Mince alors, si l’image que renvoie une pratique de réduction des déchets et d’alimentation équilibrée et saine est celle d’une

nana qui court partout comme une débile et qui se prend la tête pour trouver des solutions pour sauver un bout de sa planète, il y a peu de chances que le plus grand nombre d’individus s’y mette… Il fallait que je tire ça au clair. Ni une ni deux, la

question fut posée aux amis ZD également lancés dans l’aventure, que ce soit depuis des années ou deux heures. Comment décriraient-ils en 3 mots notre démarche commune ? Plus de 70 personnes ont eu la gentillesse de participer à mon ultra mini sondage et les résultats, les voilà :

 

Se lancer dans une démarche de réduction des déchets, c’est d’abord une PRISE DE CONSCIENCE. C’est la VOLONTE d’améliorer sa SANTE, de RESPECTER et de PRESERVER la PLANETE et tout son ENVIRONNEMENT.

Pour cela, il faut savoir faire preuve de CREATIVITE et d’ORGANISATION. Ce CHANGEMENT peut être DUR, PRENANT, et les débuts peuvent être DIFFICILES. Mais une fois lancés, avec PERSEVERANCE, en modifiant notre MODE DE VIE de façon PROGRESSIVE, nous constatons un véritable BIEN-ETRE. Parfois MINIMALISTES ou avec des envies de DESENCOMBREMENT, nous réfléchissons à VIVRE MIEUX et avons CHACUN NOTRE RYTHME. Nous ne nous jugeons pas, nous essayons de faire preuve de SOLIDARITE.

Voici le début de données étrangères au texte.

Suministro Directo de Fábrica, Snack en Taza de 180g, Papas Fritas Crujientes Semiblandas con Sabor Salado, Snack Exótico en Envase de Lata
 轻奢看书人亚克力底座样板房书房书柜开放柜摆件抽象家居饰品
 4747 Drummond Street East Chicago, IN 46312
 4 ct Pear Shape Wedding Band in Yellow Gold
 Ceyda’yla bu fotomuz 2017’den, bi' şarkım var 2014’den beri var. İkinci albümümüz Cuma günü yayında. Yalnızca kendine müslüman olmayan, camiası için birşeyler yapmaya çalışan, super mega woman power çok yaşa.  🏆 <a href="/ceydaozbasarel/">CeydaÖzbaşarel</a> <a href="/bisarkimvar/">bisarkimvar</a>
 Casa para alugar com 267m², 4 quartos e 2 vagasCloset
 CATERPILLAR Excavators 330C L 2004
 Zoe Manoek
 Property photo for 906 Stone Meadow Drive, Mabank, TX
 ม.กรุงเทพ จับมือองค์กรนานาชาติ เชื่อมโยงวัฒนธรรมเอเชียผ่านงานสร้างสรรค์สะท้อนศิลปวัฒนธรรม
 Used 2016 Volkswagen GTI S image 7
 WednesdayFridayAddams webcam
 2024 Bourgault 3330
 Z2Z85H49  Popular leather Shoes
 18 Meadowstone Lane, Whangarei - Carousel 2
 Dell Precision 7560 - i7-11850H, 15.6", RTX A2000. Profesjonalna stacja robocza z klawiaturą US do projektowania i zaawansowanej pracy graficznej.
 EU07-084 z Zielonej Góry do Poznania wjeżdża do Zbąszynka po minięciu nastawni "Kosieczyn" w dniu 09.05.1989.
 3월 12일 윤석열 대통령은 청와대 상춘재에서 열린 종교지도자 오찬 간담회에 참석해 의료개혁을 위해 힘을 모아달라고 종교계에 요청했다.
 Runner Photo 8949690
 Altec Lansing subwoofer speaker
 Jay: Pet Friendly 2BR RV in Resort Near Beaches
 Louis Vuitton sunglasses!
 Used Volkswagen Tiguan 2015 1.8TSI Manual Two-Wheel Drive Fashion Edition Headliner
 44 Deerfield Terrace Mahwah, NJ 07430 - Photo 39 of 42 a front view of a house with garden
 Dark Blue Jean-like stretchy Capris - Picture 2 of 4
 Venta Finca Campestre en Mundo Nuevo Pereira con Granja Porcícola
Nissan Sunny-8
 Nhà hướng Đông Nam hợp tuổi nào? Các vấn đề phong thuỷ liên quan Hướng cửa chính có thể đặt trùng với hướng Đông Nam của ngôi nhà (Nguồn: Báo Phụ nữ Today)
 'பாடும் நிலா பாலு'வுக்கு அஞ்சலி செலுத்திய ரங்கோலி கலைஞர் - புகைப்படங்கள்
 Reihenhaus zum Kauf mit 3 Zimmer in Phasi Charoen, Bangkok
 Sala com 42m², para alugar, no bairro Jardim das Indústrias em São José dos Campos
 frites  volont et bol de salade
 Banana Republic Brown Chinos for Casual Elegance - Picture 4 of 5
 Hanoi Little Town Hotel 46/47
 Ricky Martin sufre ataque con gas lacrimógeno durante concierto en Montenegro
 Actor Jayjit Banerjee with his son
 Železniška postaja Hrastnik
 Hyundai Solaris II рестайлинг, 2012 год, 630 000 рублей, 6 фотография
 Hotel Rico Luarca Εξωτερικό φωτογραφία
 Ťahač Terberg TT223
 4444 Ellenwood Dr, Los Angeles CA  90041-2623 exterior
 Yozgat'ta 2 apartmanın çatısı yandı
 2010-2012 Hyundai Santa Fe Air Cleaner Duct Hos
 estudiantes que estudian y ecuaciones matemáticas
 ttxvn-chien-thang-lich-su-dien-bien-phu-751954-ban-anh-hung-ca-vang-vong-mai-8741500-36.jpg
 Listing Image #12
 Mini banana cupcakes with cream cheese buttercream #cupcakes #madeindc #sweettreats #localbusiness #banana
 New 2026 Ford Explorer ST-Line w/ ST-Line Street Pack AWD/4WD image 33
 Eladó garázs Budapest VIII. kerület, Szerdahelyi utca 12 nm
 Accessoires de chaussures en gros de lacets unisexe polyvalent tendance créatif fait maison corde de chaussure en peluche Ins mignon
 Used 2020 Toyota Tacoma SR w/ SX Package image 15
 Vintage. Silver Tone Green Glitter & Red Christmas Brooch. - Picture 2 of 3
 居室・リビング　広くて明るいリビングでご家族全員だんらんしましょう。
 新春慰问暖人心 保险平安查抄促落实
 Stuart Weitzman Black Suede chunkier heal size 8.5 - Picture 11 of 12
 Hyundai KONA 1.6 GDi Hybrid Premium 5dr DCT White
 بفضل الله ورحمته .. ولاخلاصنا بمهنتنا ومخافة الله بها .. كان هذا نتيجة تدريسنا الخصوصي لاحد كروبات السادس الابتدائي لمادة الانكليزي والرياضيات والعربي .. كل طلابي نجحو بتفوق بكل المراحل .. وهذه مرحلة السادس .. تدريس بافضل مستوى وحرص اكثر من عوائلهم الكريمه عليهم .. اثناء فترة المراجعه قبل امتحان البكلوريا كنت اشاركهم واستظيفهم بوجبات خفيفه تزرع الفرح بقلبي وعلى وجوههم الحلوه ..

Notre portefeuille nous remercie car nous réalisons également de belles ECONOMIES.

Nous pouvons PARTAGER avec nos ENFANTS de belles choses en les IMPLIQUANT et en leur expliquant ce qu’est l’ECOLOGIE et la NECESSITE de PRESERVER nos RESSOURCES. Nous faisons en sorte de montrer l’EXEMPLE tout en faisant autant que possible preuve de SIMPLICITE.

Pour certains c’est un CHALLENGE, pour beaucoup un DEVOIR. Cette BATAILLE demande parfois du TEMPS et on se sent parfois un peu SEUL car nous nous retrouvons de temps en temps face à des ECHECS cuisants. Nous sommes parfois amenés à nous REMETTRE EN QUESTION. On peut critiquer notre envie de SIMPLICITE qui pourrait pour certains s’apparenter à une REGRESSION. Mais nous gardons ESPOIR, nos EFFORTS sont souvent RECOMPENSES et nos réussites sont GRATIFIANTES. Nous sommes

RESPONSABLES de notre AVENIR et de celui des GENERATIONS FUTURES., et nous en sommes FIERS.

 

Ces mots, ce ne sont pas mes mots, ce sont ceux de dizaines de personnes qui comme nous dans notre famille INZECITY, ont décidé de changer leur vie, d’améliorer leur quotidien et celui des personnes qui leur sont chères. Ces mots ont raisonné en moi intensément. Ces mots étaient aussi tous ceux qui sont en moi à chaque instant.

Oui, j’étais sur la bonne voie, le chemin que moi et ma famille avions commencé à emprunter était vraiment celui que nous cherchions au milieu de notre forêt d’interrogations. Dieu que c’était bon de lire ces quelques mots...

 

Ultra motivée et emplie de volonté, je me suis assise à table le soir, nous avons dîner, heureux et épanouis. Pas du gâteau de

chou-fleur, il n’y en avait plus. Pomme d’Amour avait tout avalé au déjeuner.

Le zéro déchet, bon sang quelle fierté !!!